A Quilt for Jefferson Davis

Silk Star Quilt in the collection of the Museum of the Confederacy,
Another of the Museum's treasures.

The large hexagons between the stars are decorated with
embroidery. A few have Confederate flags embroidered
over officer's names.

A flag for General Leonidas Polk. 

This quilt is undoubtedly the "Crazy Quilt" described in the New York Times article below.

New York Times, January 26, 1895

Davis's widow Varina Davis donated it to the Hollywood Memorial Association (now the Museum of the Confederacy) in Richmond in 1895. It's not really a crazy quilt, meaning random shaped pieces, but people often refer to embroidered silk quilts as generic "crazy quilts."

The Museum's Ann Tidmore described the quilt in a blog post. The star quilt was "made for President Davis by 15 women of Richmond, including Varina Davis....The ladies made it for the President during the stormiest part of the 'War For States Rights'. Every piece was made by a different person, and embroidered with pieces of sewing silk left over from the years of ease and plenty. Once when President Davis was sleeping under it, he asked that it be taken off and 'put away with lavender' which is an old fashion term which meant 'with great care'.

The quilt is in poor condition. Those weighted dress silks just don't hold up over time.

See a fabulous photo at the Museum of the Confederacy's website. Upload their quilt file and then scroll through till you find this one. Enlarge it and you can focus on small details.

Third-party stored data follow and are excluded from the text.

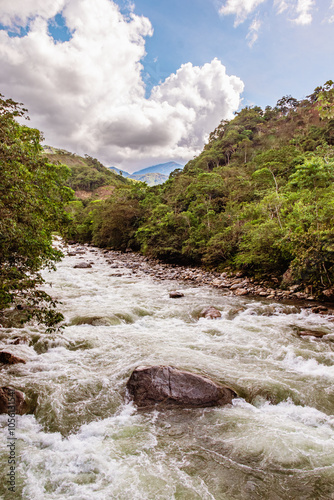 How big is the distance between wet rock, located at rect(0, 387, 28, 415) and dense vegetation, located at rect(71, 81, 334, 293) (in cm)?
905

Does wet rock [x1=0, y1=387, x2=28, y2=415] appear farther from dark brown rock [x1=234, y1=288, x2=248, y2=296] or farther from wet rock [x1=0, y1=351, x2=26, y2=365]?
dark brown rock [x1=234, y1=288, x2=248, y2=296]

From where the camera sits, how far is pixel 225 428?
4.18m

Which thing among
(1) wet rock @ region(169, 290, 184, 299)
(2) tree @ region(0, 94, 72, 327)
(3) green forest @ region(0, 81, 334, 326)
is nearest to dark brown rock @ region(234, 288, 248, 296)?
(3) green forest @ region(0, 81, 334, 326)

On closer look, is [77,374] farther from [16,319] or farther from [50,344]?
[16,319]

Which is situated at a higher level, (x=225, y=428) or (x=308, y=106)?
(x=308, y=106)

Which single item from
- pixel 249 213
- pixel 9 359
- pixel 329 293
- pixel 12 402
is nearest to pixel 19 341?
pixel 9 359

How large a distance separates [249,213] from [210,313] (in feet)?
39.0

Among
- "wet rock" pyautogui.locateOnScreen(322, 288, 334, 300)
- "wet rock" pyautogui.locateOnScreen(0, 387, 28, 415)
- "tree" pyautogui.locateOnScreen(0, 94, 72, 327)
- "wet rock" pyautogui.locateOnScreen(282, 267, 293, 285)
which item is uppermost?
"tree" pyautogui.locateOnScreen(0, 94, 72, 327)

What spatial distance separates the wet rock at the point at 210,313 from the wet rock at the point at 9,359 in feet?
21.4

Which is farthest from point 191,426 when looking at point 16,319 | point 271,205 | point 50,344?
point 271,205

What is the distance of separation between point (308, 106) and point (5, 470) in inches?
3243

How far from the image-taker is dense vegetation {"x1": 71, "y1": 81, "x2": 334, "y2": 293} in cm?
1174

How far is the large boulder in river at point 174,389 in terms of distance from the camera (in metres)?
4.78

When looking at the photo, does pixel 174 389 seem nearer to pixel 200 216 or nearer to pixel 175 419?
pixel 175 419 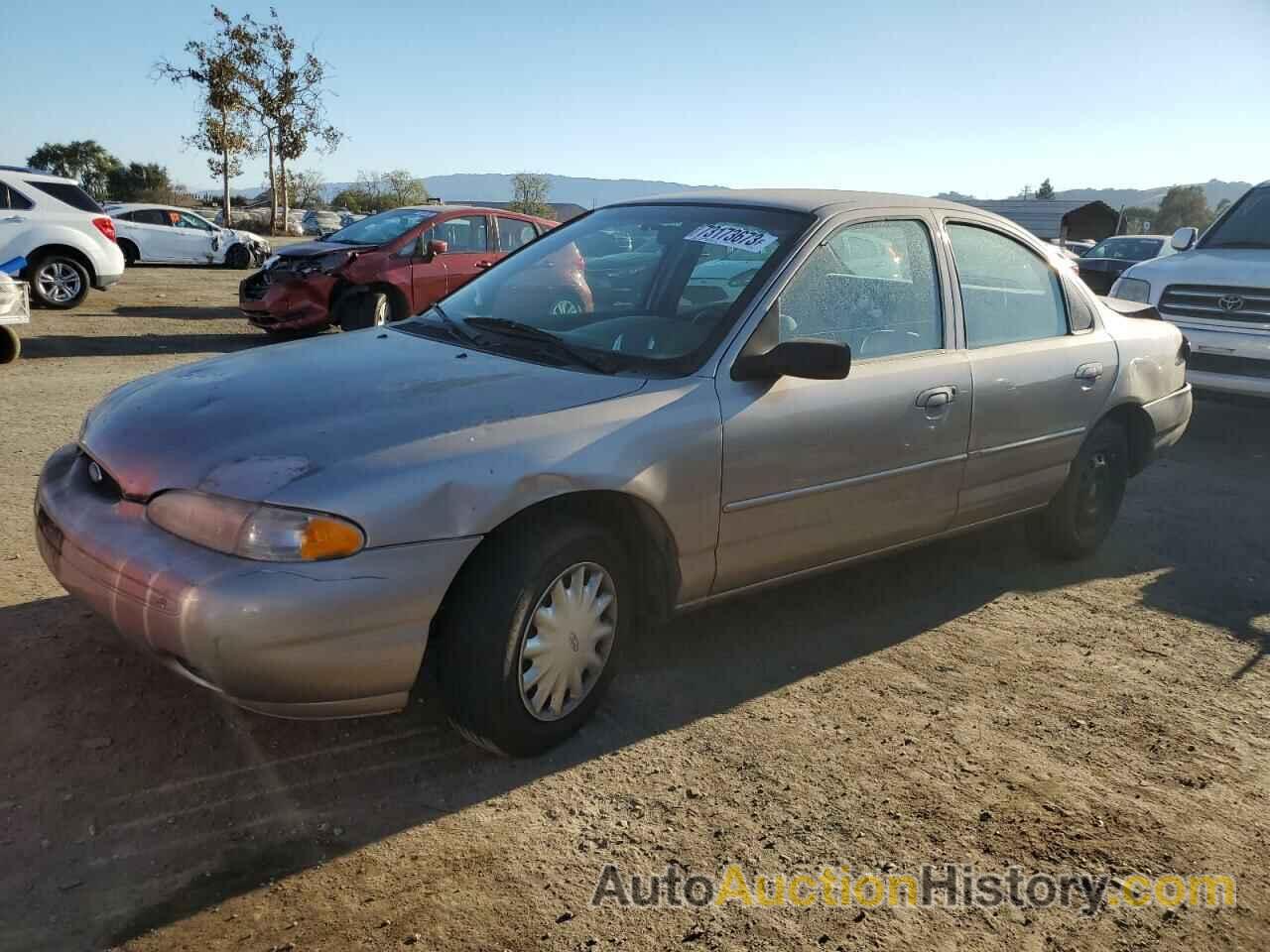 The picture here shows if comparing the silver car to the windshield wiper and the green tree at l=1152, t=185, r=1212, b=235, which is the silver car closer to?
the windshield wiper

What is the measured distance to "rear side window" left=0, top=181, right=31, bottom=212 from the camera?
40.1 feet

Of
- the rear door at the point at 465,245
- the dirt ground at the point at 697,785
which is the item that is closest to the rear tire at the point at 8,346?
the rear door at the point at 465,245

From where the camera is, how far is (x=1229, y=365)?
319 inches

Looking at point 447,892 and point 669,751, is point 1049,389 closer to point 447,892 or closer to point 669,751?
point 669,751

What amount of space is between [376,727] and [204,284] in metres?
17.5

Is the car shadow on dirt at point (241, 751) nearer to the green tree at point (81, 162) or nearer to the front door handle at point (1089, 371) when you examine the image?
the front door handle at point (1089, 371)

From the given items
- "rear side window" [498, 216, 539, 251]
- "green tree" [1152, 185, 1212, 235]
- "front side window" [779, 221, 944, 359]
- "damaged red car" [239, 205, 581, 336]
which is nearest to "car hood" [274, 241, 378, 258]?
"damaged red car" [239, 205, 581, 336]

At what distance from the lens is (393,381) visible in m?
3.22

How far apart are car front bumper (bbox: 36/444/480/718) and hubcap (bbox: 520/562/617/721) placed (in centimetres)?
35

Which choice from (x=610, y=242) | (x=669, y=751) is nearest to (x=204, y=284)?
(x=610, y=242)

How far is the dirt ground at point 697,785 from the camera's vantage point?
2475 millimetres

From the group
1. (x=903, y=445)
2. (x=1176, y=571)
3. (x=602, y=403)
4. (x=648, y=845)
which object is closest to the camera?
(x=648, y=845)

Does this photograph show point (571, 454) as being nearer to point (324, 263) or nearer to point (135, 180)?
point (324, 263)

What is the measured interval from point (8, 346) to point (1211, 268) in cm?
1037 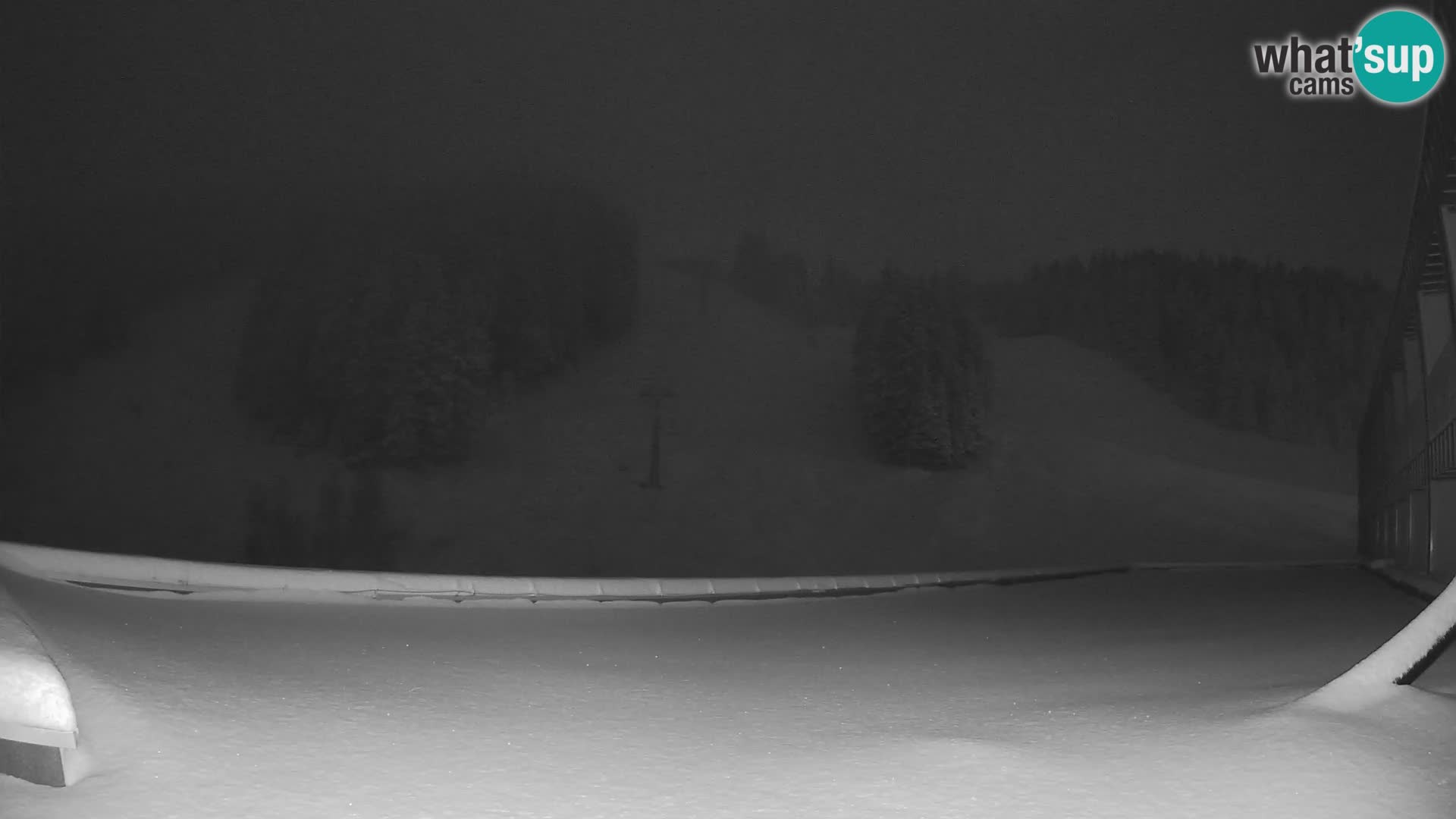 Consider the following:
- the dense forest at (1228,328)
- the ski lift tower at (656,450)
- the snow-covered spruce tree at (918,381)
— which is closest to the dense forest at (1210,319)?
→ the dense forest at (1228,328)

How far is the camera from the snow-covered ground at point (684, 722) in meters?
3.15

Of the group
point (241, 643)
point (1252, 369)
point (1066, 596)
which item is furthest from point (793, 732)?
point (1252, 369)

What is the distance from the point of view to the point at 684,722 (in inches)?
165

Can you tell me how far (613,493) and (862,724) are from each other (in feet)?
200

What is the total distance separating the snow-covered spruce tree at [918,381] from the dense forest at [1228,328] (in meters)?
35.9

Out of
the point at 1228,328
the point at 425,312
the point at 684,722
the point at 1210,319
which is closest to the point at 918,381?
the point at 425,312

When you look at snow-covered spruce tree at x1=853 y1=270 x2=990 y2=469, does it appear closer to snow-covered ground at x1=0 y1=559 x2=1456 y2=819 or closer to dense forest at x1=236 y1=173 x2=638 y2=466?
dense forest at x1=236 y1=173 x2=638 y2=466

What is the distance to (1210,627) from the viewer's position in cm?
789

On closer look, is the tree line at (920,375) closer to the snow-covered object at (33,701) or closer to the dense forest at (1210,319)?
the dense forest at (1210,319)

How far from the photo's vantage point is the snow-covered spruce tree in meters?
61.1

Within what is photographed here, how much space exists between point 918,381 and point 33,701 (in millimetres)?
61083

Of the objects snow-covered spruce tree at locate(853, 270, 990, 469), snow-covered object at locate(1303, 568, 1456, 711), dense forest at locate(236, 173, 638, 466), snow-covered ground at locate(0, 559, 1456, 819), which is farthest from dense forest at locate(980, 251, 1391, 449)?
snow-covered object at locate(1303, 568, 1456, 711)

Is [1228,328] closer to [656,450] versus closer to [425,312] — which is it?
[656,450]

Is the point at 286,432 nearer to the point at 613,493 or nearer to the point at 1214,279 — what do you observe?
the point at 613,493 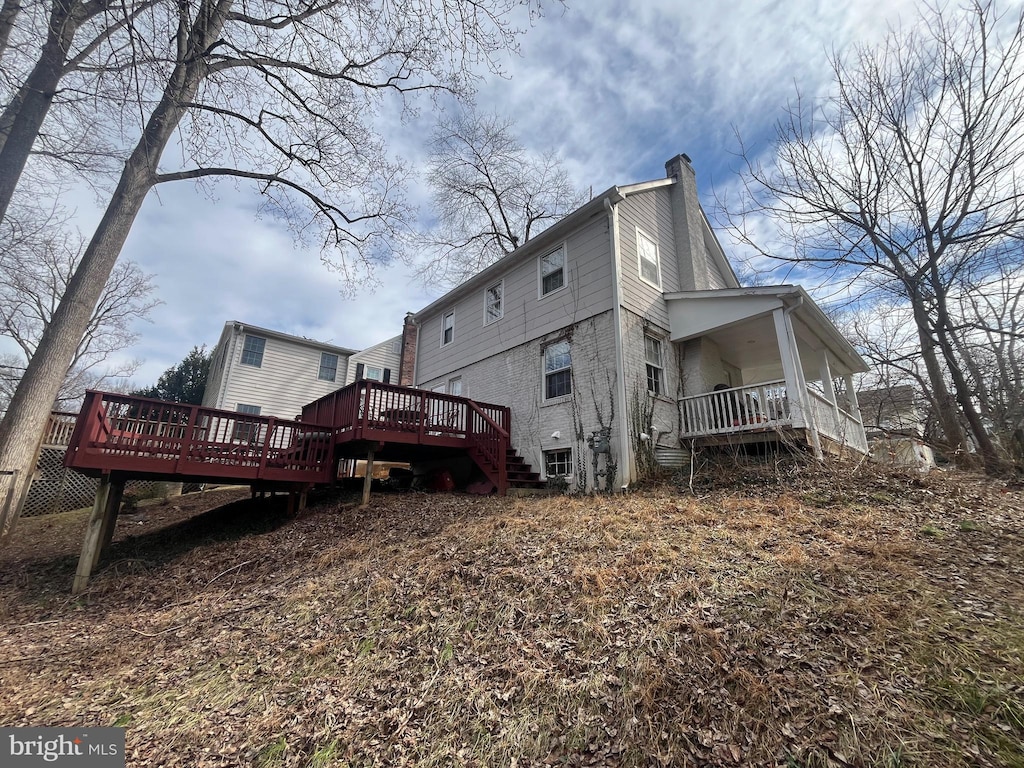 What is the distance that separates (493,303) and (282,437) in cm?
719

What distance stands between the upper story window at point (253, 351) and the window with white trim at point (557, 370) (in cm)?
1570

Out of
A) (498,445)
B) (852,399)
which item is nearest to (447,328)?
(498,445)

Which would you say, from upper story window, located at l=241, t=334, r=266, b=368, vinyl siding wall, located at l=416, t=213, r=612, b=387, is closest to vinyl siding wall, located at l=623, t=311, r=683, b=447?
vinyl siding wall, located at l=416, t=213, r=612, b=387

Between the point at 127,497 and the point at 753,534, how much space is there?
15743 mm

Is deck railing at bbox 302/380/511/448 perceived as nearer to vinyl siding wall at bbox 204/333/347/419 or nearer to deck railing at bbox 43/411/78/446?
deck railing at bbox 43/411/78/446

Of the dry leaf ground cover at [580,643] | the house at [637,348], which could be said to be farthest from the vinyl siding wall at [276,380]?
the dry leaf ground cover at [580,643]

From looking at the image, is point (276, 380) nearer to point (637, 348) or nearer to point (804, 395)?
point (637, 348)

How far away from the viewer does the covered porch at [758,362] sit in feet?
28.0

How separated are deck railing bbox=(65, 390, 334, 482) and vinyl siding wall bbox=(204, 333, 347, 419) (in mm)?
13000

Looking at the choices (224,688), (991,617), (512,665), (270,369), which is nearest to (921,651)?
(991,617)

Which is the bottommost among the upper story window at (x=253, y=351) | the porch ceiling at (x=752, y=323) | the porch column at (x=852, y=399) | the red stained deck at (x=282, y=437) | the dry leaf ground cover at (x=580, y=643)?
the dry leaf ground cover at (x=580, y=643)

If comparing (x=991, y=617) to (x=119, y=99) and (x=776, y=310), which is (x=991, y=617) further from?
(x=119, y=99)

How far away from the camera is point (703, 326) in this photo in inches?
411

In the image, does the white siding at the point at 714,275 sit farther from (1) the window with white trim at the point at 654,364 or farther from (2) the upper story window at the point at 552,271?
(2) the upper story window at the point at 552,271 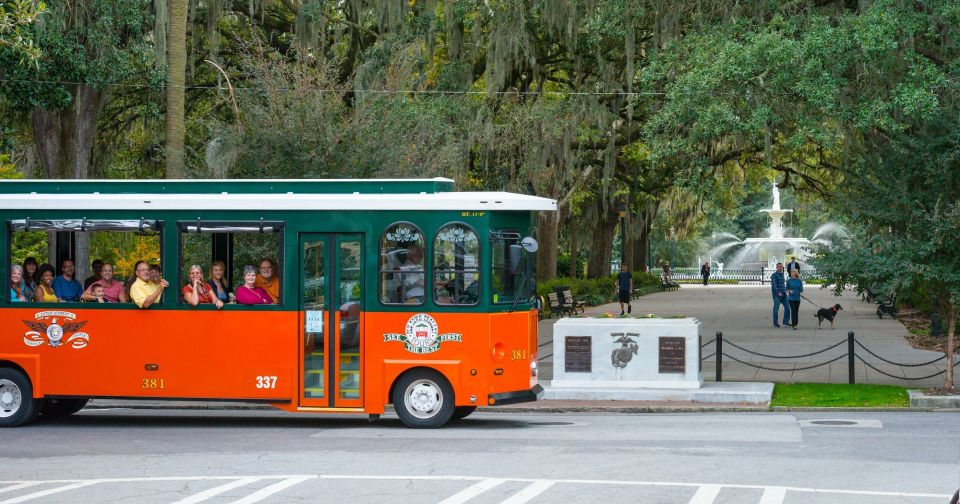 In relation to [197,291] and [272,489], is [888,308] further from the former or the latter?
[272,489]

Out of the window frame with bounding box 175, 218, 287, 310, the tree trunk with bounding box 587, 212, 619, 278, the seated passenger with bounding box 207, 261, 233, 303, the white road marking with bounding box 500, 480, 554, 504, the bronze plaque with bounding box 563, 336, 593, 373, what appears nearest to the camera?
the white road marking with bounding box 500, 480, 554, 504

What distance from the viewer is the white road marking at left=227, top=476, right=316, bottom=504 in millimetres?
10719

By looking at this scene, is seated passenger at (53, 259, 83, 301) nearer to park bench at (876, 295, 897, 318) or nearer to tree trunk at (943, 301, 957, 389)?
tree trunk at (943, 301, 957, 389)

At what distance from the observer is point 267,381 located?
1625 centimetres

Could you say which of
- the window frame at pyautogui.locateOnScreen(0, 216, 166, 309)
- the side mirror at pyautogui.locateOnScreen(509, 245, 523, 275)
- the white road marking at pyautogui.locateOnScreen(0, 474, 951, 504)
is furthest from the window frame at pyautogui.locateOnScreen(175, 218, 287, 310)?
the white road marking at pyautogui.locateOnScreen(0, 474, 951, 504)

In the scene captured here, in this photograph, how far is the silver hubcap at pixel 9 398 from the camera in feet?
55.3

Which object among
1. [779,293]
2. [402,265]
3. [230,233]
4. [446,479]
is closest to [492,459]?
[446,479]

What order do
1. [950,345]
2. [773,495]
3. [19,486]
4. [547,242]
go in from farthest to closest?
1. [547,242]
2. [950,345]
3. [19,486]
4. [773,495]

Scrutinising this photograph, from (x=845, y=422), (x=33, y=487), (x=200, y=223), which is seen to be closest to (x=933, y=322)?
(x=845, y=422)

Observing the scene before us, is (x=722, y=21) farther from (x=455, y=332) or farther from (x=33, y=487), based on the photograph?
(x=33, y=487)

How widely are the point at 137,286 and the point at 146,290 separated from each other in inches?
5.0

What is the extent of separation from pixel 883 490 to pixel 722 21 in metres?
16.9

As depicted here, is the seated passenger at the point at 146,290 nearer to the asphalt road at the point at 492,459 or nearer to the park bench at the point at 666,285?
the asphalt road at the point at 492,459

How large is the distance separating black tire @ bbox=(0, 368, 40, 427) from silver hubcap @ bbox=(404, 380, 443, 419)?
4.96 m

For more about another silk quilt in the collection, this one the sole work of Varina Davis, see these two posts:


Suzanne A said...

"[T]he years of ease and plenty" for who exactly? Sadly these quilts are a symbol of ill-gotten privilege and luxury, gained at the expense of millions of lives in brutal servitude.

Jeanne said...

I have the Varina Davis biography by Joan Cashin that you recommended earlier sitting on my To-Be-Read pile. Both this crazy silk and her butterfly quilt are amazing!

JanetD said...

Thank you for sharing another lovely quilt and it's story. I enjoy the history of the works you bring to your blog

Julie Vernon said...

Those were different times, but the care and the spirit of giving is timeless. We can not fully understand what the Civil War was, as we weren't there. History is an imperfect study. But the Ken Burns TV Civil War series, shown on PBS in the 1990s, stated each state was more less a small country. And they believed they each had 'states rights' in dealing with what went on and what laws etc were legal in their state. You would be a Virginian, or New Yorker. It was only after the war that we began to think of ourselves as Americans, as one people.

I had read that when silk was bought by weight, the fabric had been washed in water with lead in it. This actually made the fabric heavier, thus costing more. IS this what you meant way 'weighted silk"? If I am remembering correctly, the lead water wash also hastened the deteriation of the silk.

Barbara thank you so much for your work, blog and sharing with us your knowledge.